ドロップはへらりと笑う。ようやく予想通りの言葉が返ってきた。少しずつ話の主導権を行使し始める。
「まあそーゆーカンジに言うっスよね、フツー。けどおかしいんスよ。俺の知ってるウィザードさんはナイトさんにぞっこんっス。マジサイコパスレベルでドン引きするくらいヤバイっスよね。そんなウィザードさんがナイトさんと24時間一緒にいられる今、他の仕事を受けるわけがないじゃないっスか。しかもそのナイトさんからデカい仕事受けるなって言われてるんスよ。おかしくないっスか」
「何事も例外はある。忌々しい限りだ」
飲みかけのコーヒーカップを置き、腕を組む。ごく自然な仕草だ。ドロップは気を抜くことなく一挙手一投足を警戒する。精神力の消耗戦は目に見えて差がついていると察していた。

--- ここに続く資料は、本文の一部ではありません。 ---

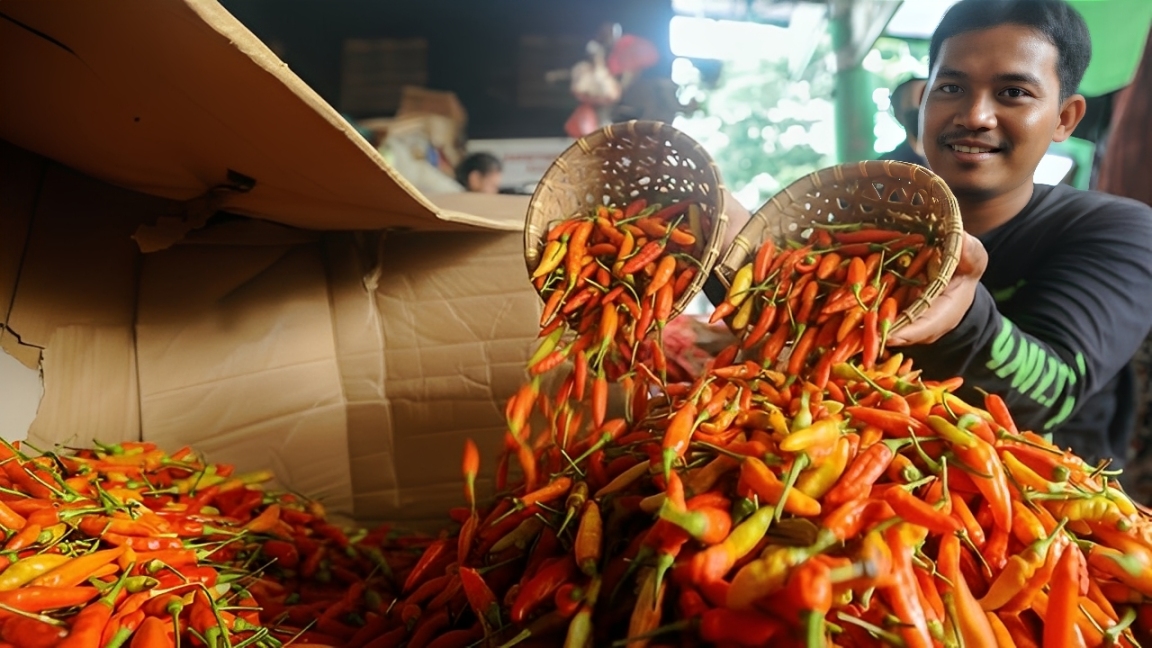 Seorang pedagang cabai di Pasar Merdeka Samarinda.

意思に反して早口になりながらも精一杯の虚勢を張る。
「ウィザードさん、ここに誰も近寄らせたくないっスよね。その為に他のメンバーを忙しくする仕事を受けたんじゃないっスか。うちの組織は性能が尖りまくった人間が集まってるっス。ってことは誰がどんな仕事を任されるか予測できるはず。今だって俺しかここに来れないっス」
「確かに。貴様の性能が不明な以上、予測は難しい。その思考回路を含めて、私の考えを上回っていた」
「とにかく、俺はウィザードさんを疑っているっス。俺の予想通りならナイトさんが危ないし、ウィザードさんは裏切り者っスよね」
ドロップが辿り着いた答えがここだ。
ティアラへ刺客を差し向け、他のメンバーを動員させる。全ては誰にも邪魔をされない空間維持の為。
決定的な証拠はない。しかしドロップが行動を起こすには充分だ。彼は警察でも探偵でもない情報屋。そしてナイトが危機に瀕している可能性があるならば、動かない訳にはいかなかった。
ウィザードからの返答はない。同じ時間軸にいるとは思えない程の隔たりを感じる。堪え切れず、追及を重ねた。
「なんで何も言わないんスか。煮干し、じゃない。煮びたし……ええっと」
「図星」
「それっス。図星って奴っスか」
「そう結論を急くな。いずれにせよナイトが目覚めれば分かることだ」
「時間稼ぎじゃないっスよね?」
含みのある笑み。何気ない所作で眼鏡を押し上げ、そのまま右手を顔の横へと動かした。イヤホンマイクへ指が届く――。
考えるより早く、ドロップの体は動いた。